[WORK REQUIRED]: Set down every entry again word for word, please, but skip the pictures.

[DATASET EXTRACT]:
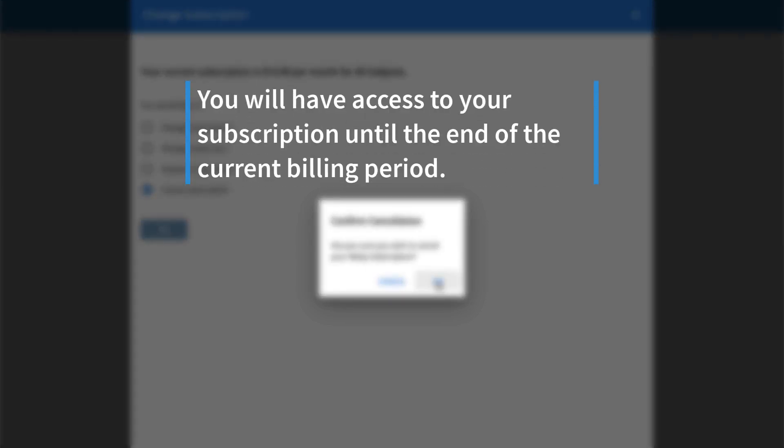Please note that you will have access to your subscription until the end of the current billing period, regardless of when you cancel.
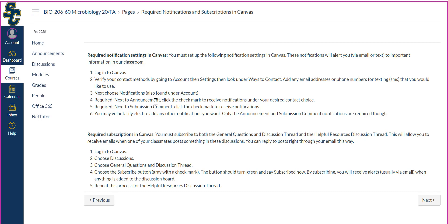You're going to switch it so that you have these required notifications. Next to Announcements, you need to check the mark to receive notifications. And then for Submission Comment — so anytime I make a comment on one of your assignments, you get a notification about that. You can add any other ones that you'd like. There are also required subscriptions. You must subscribe to both the general questions and discussions thread as well as the helpful resources discussions thread. This will allow you to receive emails when one of your classmates posts something in these discussions, so you can reply to those posts right through your email. You can do this by logging into Canvas and choosing the subscription button, which I went through in the first video.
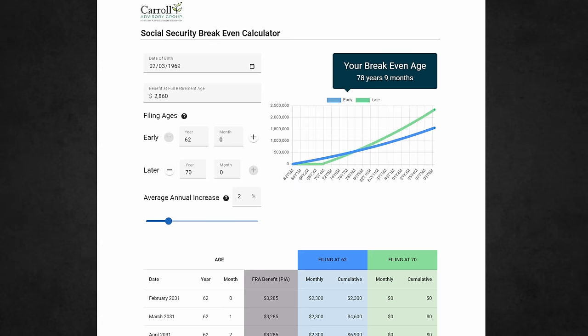I think it's important to have the proper framing of this calculator before we jump into showing you how this works. The basics of a break-even calculator are for you to input two filing ages and see how long it takes for one filing age to catch up with the other in terms of cumulative payments. For example, if you compare filing at 62 versus waiting until age 70, you'd see that you need to live until about 80 for the cumulative benefit to reach the same amount, and after age 80 you'd be better off for having waited.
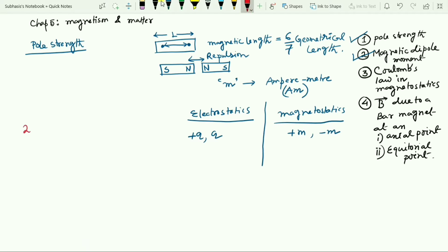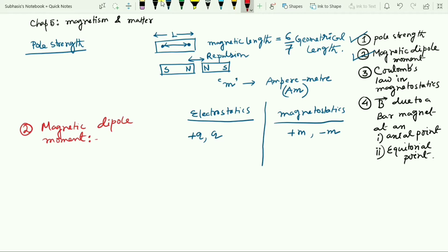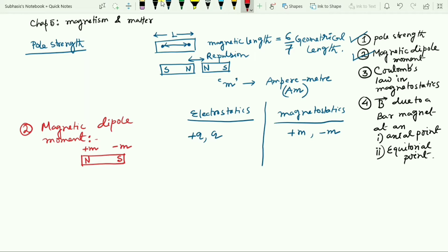Now, the magnetic dipole moment. A magnetic dipole consists of two unlike magnetic poles of equal strength separated by a small distance. If we consider one bar magnet, the north pole and south pole of equal strength — suppose plus m and minus m — separated by distance 2L. That arrangement is known as a magnetic dipole.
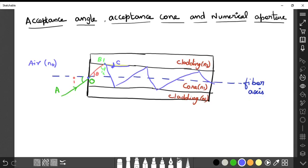In this video I am going to explain about acceptance angle, acceptance cone, and numerical aperture. Let me explain one by one in detail.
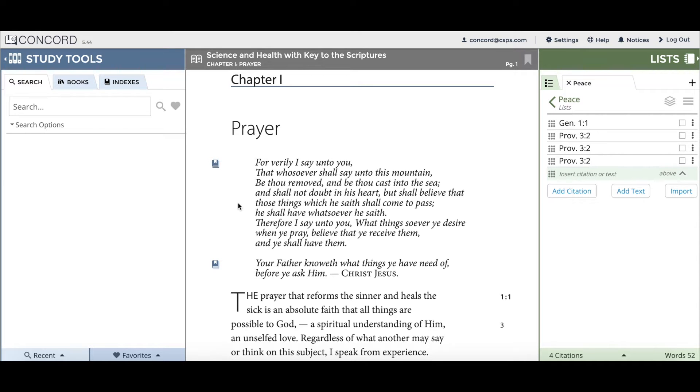Hello and welcome to this Concord Help Center video. This video highlights the new features and improvements implemented in the latest Concord release.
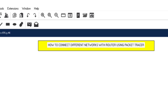Welcome back guys. In today's lecture, we're going to understand how to connect different networks with the router using Cisco Packet Tracer. In the previous classes, we've been saying that a router performs a duty of connecting different networks or multiple networks. And through a router, a device from one network can communicate with a device from another network. But whenever we have a switch in between, the devices in different networks cannot communicate. So that's why the concept of router comes in, and in this lecture, we're going to understand how we can connect those multiple networks and let them communicate with each other.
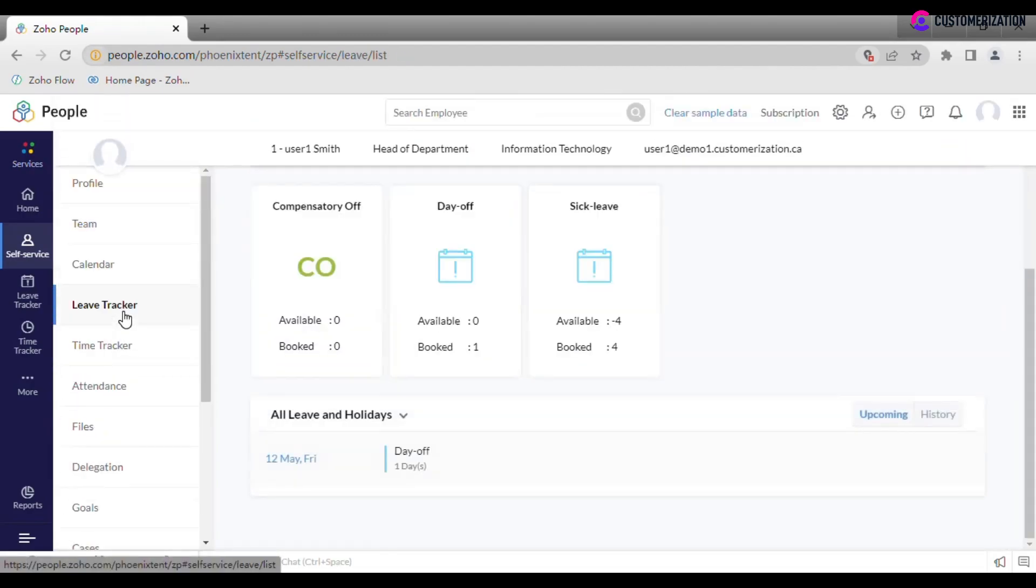To see all your leave applications, past and upcoming, and apply for a new leave, go to leave tracker.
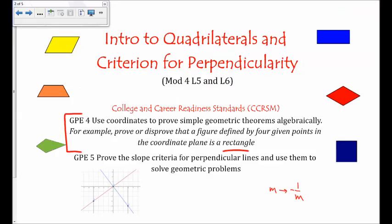This video was an introduction to the properties of quadrilaterals, and we proved the criterion for perpendicularity. Thank you for watching.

[RESPONSE TO THIS EXERCISE]:
Please note that you will have access to your subscription until the end of the current billing period, regardless of when you cancel.
You're going to switch it so that you have these required notifications. Next to Announcements, you need to check the mark to receive notifications. And then for Submission Comment — so anytime I make a comment on one of your assignments, you get a notification about that. You can add any other ones that you'd like. There are also required subscriptions. You must subscribe to both the general questions and discussions thread as well as the helpful resources discussions thread. This will allow you to receive emails when one of your classmates posts something in these discussions, so you can reply to those posts right through your email. You can do this by logging into Canvas and choosing the subscription button, which I went through in the first video.
I think it's important to have the proper framing of this calculator before we jump into showing you how this works. The basics of a break-even calculator are for you to input two filing ages and see how long it takes for one filing age to catch up with the other in terms of cumulative payments. For example, if you compare filing at 62 versus waiting until age 70, you'd see that you need to live until about 80 for the cumulative benefit to reach the same amount, and after age 80 you'd be better off for having waited.
Now, the magnetic dipole moment. A magnetic dipole consists of two unlike magnetic poles of equal strength separated by a small distance. If we consider one bar magnet, the north pole and south pole of equal strength — suppose plus m and minus m — separated by distance 2L. That arrangement is known as a magnetic dipole.
In this video I am going to explain about acceptance angle, acceptance cone, and numerical aperture. Let me explain one by one in detail.
Hello and welcome to this Concord Help Center video. This video highlights the new features and improvements implemented in the latest Concord release.
Welcome back guys. In today's lecture, we're going to understand how to connect different networks with the router using Cisco Packet Tracer. In the previous classes, we've been saying that a router performs a duty of connecting different networks or multiple networks. And through a router, a device from one network can communicate with a device from another network. But whenever we have a switch in between, the devices in different networks cannot communicate. So that's why the concept of router comes in, and in this lecture, we're going to understand how we can connect those multiple networks and let them communicate with each other.
To see all your leave applications, past and upcoming, and apply for a new leave, go to leave tracker.
This video was an introduction to the properties of quadrilaterals, and we proved the criterion for perpendicularity. Thank you for watching.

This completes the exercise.